Argus International’s new Avmosys operations software has been selected by the Wheels Up aircraft access membership program “to manage customers’ flight-related activity,” according to Argus. First to sign up for Avmosys was charter/management firm ACP Jets, and charter broker Apollo Jets was the first company to implement the system fully, according to Andy Balser, Argus International’s Avmosys product manager.
Avmosys is designed for any size flight operation, from small single-airplane flight departments to large Part 91, charter and fractional-share operations. “Avmosys was not designed for user segments as much as it was designed to be used by aviation companies (including flight departments) that place a priority on using modern technology to support a complex business and operational model,” Balser told AIN. The software, which runs on any Web browser, can be used to manage an entire business and flight operation; users can manage safety, operational, service and financial objectives simultaneously, he explained, “without compromising one for the other.”
For operational data from the field, pilots can use the Flight Crew Support iPad app for various functions, including access to duty day briefings, check-in, submission of flight and crew log data, access to aircraft maintenance status and so on.
Avmosys customers pay a monthly per-aircraft fee. There is no extra cost to add users, and companies are not charged for “typical service and support,” according to Balser. Argus can host the system for Avmosys customers, thus eliminating the need for users to have their own IT department. “The data captured and maintained on a specific aircraft while on Avmosys will provide tremendous insight into the actual history of the aircraft that will be extremely valuable to that aircraft as it moves on to different owners throughout its lifetime,” he noted.
Avmosys can also integrate with customers’ existing financial and operations computer systems. “Avmosys places tremendous value on this aspect of the system to improve the overall customer experience,” according to Balser.
Argus purchased Avmosys (Aviation Management Operating Systems) in 2008 and hired the company’s founders, NetJets executives Mike Midkiff (former CIO) and Scott Liston (former executive vice president).

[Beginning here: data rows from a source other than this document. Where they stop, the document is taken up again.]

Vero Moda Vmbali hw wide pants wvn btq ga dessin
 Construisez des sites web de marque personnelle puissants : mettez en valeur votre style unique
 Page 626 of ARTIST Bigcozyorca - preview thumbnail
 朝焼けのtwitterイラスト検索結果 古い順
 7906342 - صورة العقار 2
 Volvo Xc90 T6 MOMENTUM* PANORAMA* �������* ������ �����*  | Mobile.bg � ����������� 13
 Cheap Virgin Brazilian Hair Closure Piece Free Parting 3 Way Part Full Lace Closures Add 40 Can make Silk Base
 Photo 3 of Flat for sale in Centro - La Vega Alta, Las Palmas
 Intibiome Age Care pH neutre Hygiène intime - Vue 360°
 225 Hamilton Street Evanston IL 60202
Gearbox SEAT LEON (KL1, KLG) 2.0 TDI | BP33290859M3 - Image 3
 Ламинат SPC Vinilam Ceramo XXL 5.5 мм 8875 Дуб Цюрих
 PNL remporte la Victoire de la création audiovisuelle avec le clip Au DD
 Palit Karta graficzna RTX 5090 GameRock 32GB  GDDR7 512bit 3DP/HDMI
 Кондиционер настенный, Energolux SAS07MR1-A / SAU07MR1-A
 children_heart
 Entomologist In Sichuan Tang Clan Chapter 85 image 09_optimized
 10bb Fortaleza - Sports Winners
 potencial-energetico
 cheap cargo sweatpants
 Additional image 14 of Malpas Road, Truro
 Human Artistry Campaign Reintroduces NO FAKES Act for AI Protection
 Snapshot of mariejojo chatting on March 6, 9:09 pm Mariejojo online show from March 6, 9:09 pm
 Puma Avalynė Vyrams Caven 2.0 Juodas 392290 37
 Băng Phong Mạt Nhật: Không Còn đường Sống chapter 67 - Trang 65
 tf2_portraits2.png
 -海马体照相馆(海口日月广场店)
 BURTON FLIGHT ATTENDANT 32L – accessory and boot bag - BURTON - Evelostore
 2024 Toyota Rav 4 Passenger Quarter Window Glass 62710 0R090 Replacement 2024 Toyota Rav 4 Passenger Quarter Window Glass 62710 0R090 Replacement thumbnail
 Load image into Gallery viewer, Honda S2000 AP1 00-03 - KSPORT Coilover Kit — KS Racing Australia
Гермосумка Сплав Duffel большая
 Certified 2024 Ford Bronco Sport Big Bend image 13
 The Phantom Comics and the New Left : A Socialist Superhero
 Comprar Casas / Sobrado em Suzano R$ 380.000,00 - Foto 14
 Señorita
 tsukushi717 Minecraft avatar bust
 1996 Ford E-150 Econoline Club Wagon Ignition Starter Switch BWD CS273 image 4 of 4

Midkiff is now CIO and Liston executive v-p at Argus. Full-scale development of Avmosys began in 2010, and since then the development team has put nearly 40,000 hours into the system.
Certified Charter Broker Program
Argus also announced that its new certified charter broker program will roll out “no later than March 31.” The program isn’t a safety program, according to Argus, but “exists to provide consumers and participating charter operators with data and information that will allow them to make more informed decisions before engaging with a charter broker.”
The new program will offer two levels: registered charter broker and certified charter broker. In the former case, the participating broker has submitted required documents and information and pledges to comply with the program’s requirements; in the latter the broker meets the registered requirements and agrees to submit to an on-site audit at two-year maximum intervals. Argus will reveal pricing information for participation in the program when it is launched.
The certified charter broker program is designed “to bring factual, vetted and pertinent information to the surface, so applicable parties can make better and more informed decisions,” Argus executive v-p Scott Liston told AIN. “A major point of emphasis for our program is on establishing ‘legitimacy’ for each participating charter broker. We believe that the operators and retail consumers that work with charter brokers want to confirm, first and foremost, that they are working with a legitimate, professional charter broker.”